At the April 14 County Commission meeting, Myers told the commission that contact tracing involves determining who has been “within six feet of somebody for a significant period of time.” We have known for at least a month that transmission is more likely when people are in close contact with the sick person for at least 30 minutes (or in frequent contact, like in the same home). Transmission happens most often in households and in group living facilities. Health officials do not consider passing someone in a grocery store to be close contact.
As the numbers of COVID-19-positive persons in local long-term care facilities continue to increase, our local elected officials are focused on forcing us to wear face masks when we have incidental contact with other people. As Myers has pointed out, there is no scientific consensus about whether face masks (and particularly partial facial coverings like bandanas and t-shirts) make any difference. County Commissioner Ken Cornell chose to discard Myers’ professional opinion, deferring to the opinion of two researchers from the University of Florida on a webinar he’d viewed. (Cornell said the researchers said masks can reduce transmission by 60%; that information appears to come from this paper, which discusses the use of masks within households when a household member is sick.)

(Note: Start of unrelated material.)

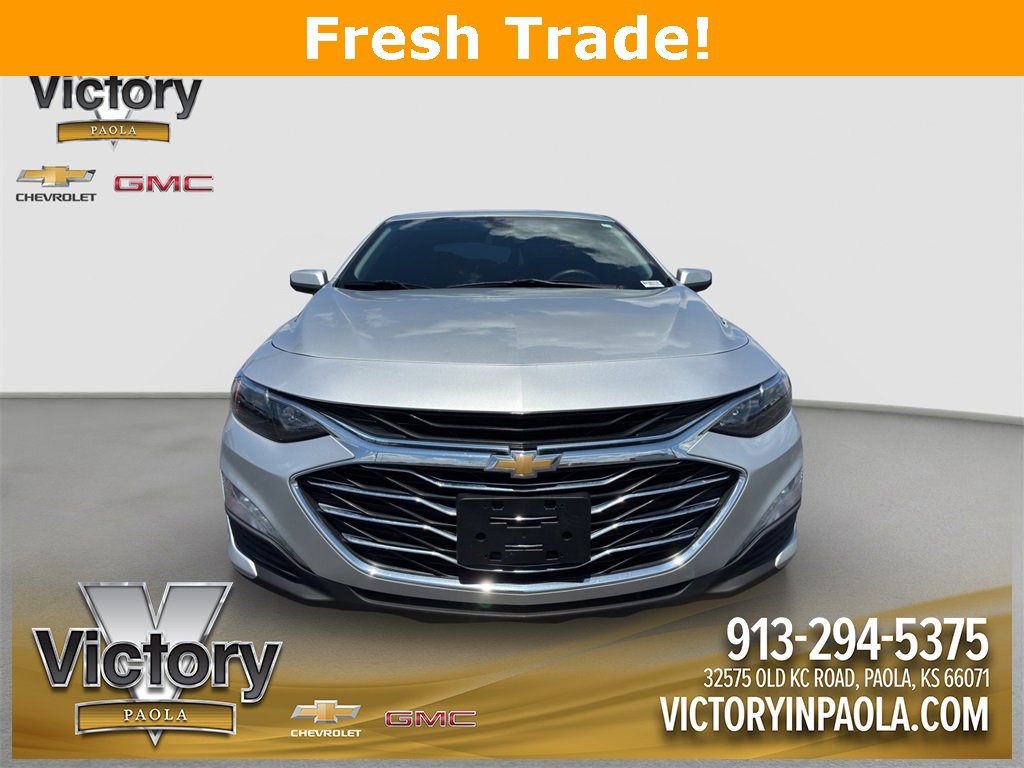Used 2019 Chevrolet Malibu 1LT with VIN 1G1ZD5ST5KF117551 for sale in Paola, KS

With the notable exception of County Commissioner Mike Byerly, our local elected officials have demonstrated that they aren’t paying attention to the data that is available every day from the Florida Department of Health–but they are making policies that will determine both the public health and economic health of our community for years to come.
They are claiming that we are not ready to fully move into the governor’s Phase One plan, but they have offered no data to support that. In fact, Alachua County’s 7-day average of new cases is 4.0–an extraordinarily low number by any criteria. Our peak 7-day average was 8.4 on April 11–which is still not an alarming number. I’d be willing to bet that few, if any, of our elected officials know that.

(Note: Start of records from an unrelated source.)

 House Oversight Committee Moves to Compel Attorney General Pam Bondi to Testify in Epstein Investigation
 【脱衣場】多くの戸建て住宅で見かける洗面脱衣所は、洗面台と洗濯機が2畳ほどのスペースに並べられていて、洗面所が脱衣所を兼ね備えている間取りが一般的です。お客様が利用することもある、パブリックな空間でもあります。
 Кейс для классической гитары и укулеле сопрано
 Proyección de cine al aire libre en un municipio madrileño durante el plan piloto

Why should we trust them to make policy for our community when they don’t have the most basic info about what’s going on here?
Several relatives died in World War Two fighting for freedom against the fascists. I’ll be damned if I’ll let the Alachua fascists push me or my family around.
Excellent reporting, analysis and opinion. Thank you for doing the heavy lifting that our city and county commissioners are unable to do, or are uninterested in doing.
We all know what’s going on here. The facts don’t matter because the agenda isn’t getting us back to work, nor is it even to protect us. It is, at best, a form of hyper-virtue-signaling and, at worst, a much-sought-after excuse to take power. This is all about self-aggrandizement and the sooner we understand this, the sooner we’ll understand why they do the things they do.
Meanwhile, Hutchinson goes shopping, sans mask, the week before enacting this mask horsecrap. His excuse was that he was driving his wife’s car, and the mask was in his car. That’s rather like the guy sponging drinks and meals because his wallet is “in his other pants.” Under his edict, I would have to drive home and secure a non-functional “face covering” and go back to the store. And this, in spite of the surgeon general saying masks don’t work.
These people should have handlers. They should not be in charge of diecting outcome for an entire county.
Thank goodness we have a strong President like Donald Trump in charge of the nation and can trust him to make policy, unlike the clueless County Commissioners. We don’t need no stinkin masks, COVID-19 can be eliminated by following the President’s excellent scientific advice to take anti-malaria drugs and wash them down with a big glass of Clorox.